What the exercise asks -
Once the line containing "Икона товара" is found in the entries below, reproduce it and every line after it, stopping at and including the line containing "丽江到一个城市怎么急剧找到幼姐"; reproduce nothing else, and keep each line exact.

Input for this task -
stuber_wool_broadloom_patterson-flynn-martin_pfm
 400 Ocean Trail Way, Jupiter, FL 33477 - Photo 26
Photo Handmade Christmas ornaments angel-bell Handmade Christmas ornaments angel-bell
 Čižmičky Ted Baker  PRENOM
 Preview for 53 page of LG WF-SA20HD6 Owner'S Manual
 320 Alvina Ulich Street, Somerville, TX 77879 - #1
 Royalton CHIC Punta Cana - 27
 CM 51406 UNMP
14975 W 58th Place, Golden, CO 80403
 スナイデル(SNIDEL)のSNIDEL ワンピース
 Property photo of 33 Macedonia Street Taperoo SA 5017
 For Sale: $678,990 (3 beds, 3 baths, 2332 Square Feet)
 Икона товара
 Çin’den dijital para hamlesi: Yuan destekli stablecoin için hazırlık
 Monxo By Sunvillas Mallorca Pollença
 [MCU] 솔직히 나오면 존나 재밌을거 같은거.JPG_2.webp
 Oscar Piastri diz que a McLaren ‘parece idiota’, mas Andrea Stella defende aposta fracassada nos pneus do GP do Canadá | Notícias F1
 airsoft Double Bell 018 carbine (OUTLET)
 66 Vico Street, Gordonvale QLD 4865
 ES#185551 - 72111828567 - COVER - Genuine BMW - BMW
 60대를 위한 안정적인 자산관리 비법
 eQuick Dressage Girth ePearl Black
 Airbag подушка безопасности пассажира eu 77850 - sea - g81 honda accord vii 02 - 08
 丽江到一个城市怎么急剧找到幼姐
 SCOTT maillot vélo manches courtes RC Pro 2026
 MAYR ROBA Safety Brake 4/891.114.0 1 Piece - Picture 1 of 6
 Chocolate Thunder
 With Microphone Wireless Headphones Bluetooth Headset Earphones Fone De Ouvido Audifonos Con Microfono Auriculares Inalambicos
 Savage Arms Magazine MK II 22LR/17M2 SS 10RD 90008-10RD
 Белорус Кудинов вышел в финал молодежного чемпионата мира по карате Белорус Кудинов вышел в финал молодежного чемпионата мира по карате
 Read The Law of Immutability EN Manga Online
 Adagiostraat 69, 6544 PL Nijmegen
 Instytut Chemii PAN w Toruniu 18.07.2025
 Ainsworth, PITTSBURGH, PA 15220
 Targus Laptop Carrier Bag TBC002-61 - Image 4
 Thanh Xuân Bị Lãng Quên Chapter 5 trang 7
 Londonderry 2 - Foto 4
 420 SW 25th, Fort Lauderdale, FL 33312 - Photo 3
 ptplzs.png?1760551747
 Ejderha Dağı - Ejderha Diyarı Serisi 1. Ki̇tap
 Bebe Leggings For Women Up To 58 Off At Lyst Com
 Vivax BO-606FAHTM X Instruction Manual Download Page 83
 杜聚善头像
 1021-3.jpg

Result of the task -
 Икона товара
 Çin’den dijital para hamlesi: Yuan destekli stablecoin için hazırlık
 Monxo By Sunvillas Mallorca Pollença
 [MCU] 솔직히 나오면 존나 재밌을거 같은거.JPG_2.webp
 Oscar Piastri diz que a McLaren ‘parece idiota’, mas Andrea Stella defende aposta fracassada nos pneus do GP do Canadá | Notícias F1
 airsoft Double Bell 018 carbine (OUTLET)
 66 Vico Street, Gordonvale QLD 4865
 ES#185551 - 72111828567 - COVER - Genuine BMW - BMW
 60대를 위한 안정적인 자산관리 비법
 eQuick Dressage Girth ePearl Black
 Airbag подушка безопасности пассажира eu 77850 - sea - g81 honda accord vii 02 - 08
 丽江到一个城市怎么急剧找到幼姐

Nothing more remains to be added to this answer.